--- Raw data Enclosed Below ---

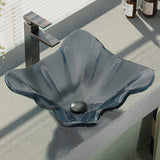 Rene 17" Specialty Glass Bathroom Sink, Smoky Black, with Faucet, R5-5012-R9-7003-ABR - The Sink Boutique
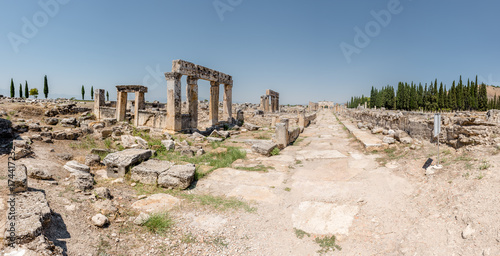 High Resolution panoramic view of latrine along Frontinus Street at Hierapolis ancient city in Pamukkale, Turkey.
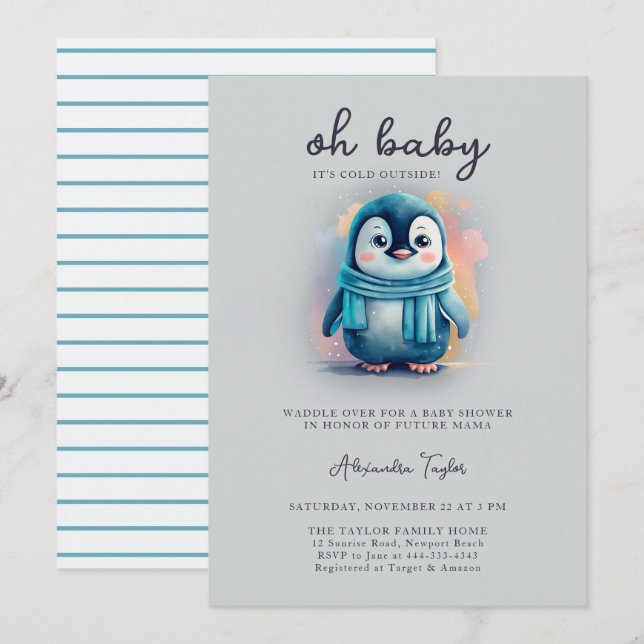 Niedliche Penguin Baby Cold Außenbereich Sweet Boy Einladung (Vorne/Hinten)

--- End of Enclosed Raw data ---

What you will do:
Everything in the data except the pictures needs to be written out exactly.

Result below:
 Rene 17" Specialty Glass Bathroom Sink, Smoky Black, with Faucet, R5-5012-R9-7003-ABR - The Sink Boutique
 High Resolution panoramic view of latrine along Frontinus Street at Hierapolis ancient city in Pamukkale, Turkey.
 Niedliche Penguin Baby Cold Außenbereich Sweet Boy Einladung (Vorne/Hinten)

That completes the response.